MEMBERS of the Inter-Parliamentary Union (IPU) have arrived in the Philippines this week to examine the condition of Senator Leila De Lima, who is currently being detained over drug-related charges.
The IPU Committee on Human Rights met with Philippine Senate President Aquilino “Koko” Pimentel III on Monday, May 22, and is scheduled to visit De Lima on Wednesday, May 24.
“We are here on behalf of the IPU, the Inter-Parliamentary Union human rights committee, to see and assess the situation of detention of Senator Leila de Lima,” Fawzia Koofi, president of IPU human rights, told reporters after their meeting.
According to Koofi, the IPU committee members will also meet with Senate Majority Leader Vicente Sotto III, Senator Panfilo Lacson, and other “relevant” officials on Tuesday, May 23 to get “first-hand information” about De Lima’s case.
De Lima, who is notably among the fiercest critics of Philippine President Duterte, was arrested last February for allegedly violating the Republic Act No. 9165 or the Comprehensive Dangerous Drugs Act of 20. She was accused of profiting from the illegal drug trade at New Bilibid Prison (NBP) when she was the justice secretary.
“The IPU, as a body, expressed concern [on] human rights violation of a member of the Senate in the Philippines, which is Senator Leila de Lima, that’s why the assembly decided to have a mission to the Philippines,” Koofi added.
Earlier in April, the IPU adopted a resolution “calling for a mission to the Philippines where it is deeply concerned over the detention of Senator Leila de Lima and the accusations that she was involved in drug trafficking.”
The union took note that the senator led a series of investigations into alleged extrajudicial killings when Duterte was then the mayor of Davao City and again, as president, when he started to wage the war against illegal drugs last year.
Emphasizing that De Lima has been a vocal opponent of Duterte, the IPU also said that there is serious reason to believe the senator has been “targeted due to her outspoken criticism of the impact of the current government’s policies on human rights in the Philippines.”
Pimentel, who invited the IPU to visit the country during its 136th Assembly in Dhaka, Bangladesh last month, said the group only thanked him during their recent meeting for “inviting” them over.
He said they discussed “nothing” about De Lima’s case.
“They are the ones concerned with Senator de lima…they are here for a fact-finding mission. Let them do their job,” Pimentel added.
Established in 1889, IPU aims to “promote democracy, equality, human rights, development and peace.” The Philippines is among its 171 member parliament.
‘Thinner, paler’ De Lima
Also on Monday, members of the House of Representatives minority bloc visited a seemingly “thinner” and “paler” De Lima in her detention cell at the Philippine National Police (PNP) Custodial Center inside Camp Crame.

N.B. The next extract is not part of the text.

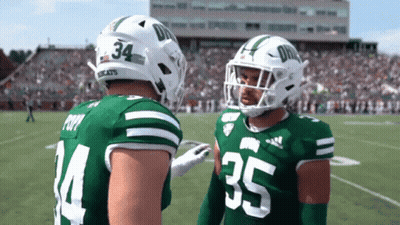 Two Football Players In Green And White Uniforms Numbers 34 And 35 GIF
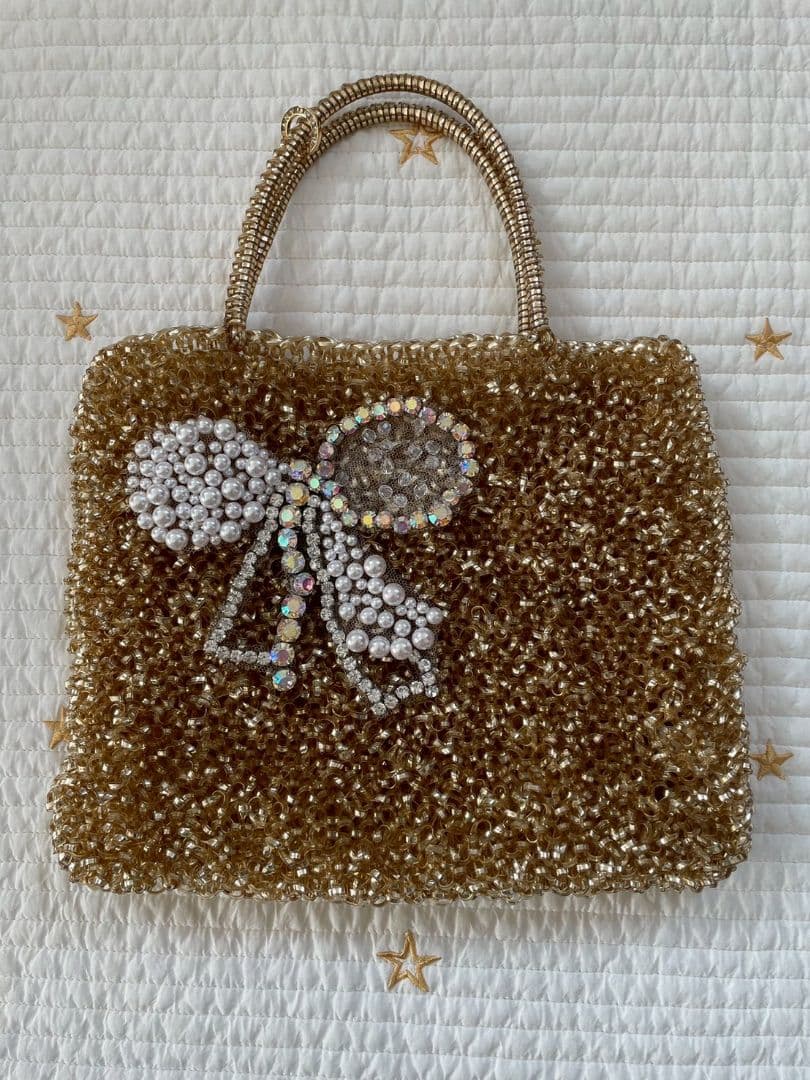 アンテプリマ　ワイヤーバック　リボンモチーフ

“Parang pumayat siya nang kaunti, medyo parang maputla siya ‘yun ang napansin ko (I noticed she lost weight and looked pale),” Caloocan Rep. Edgar Erice told reporters when asked about De Lima’s condition.
Other members of the group who visited De Lima include Minority leader Ifugao Rep. Teddy Baguilat Jr., Magdalo Rep. Gary Alejano, Capiz Rep. Emmanuel Billones, Northern Samar Rep. Raul Daza, Albay Rep. Edcel Lagman, and Akbayan Rep. Tomasito Villarin.
During a what he described as a “very light” conversation, Erice disclosed that they talked about De Lima’s bid to attend Senate sessions when they visited her.
Stressing that the senator has not been convicted yet and is still presumed innocent, Erice said the court should at least allow her to occasionally attend sessions whenever there are votings or discussions on important issues.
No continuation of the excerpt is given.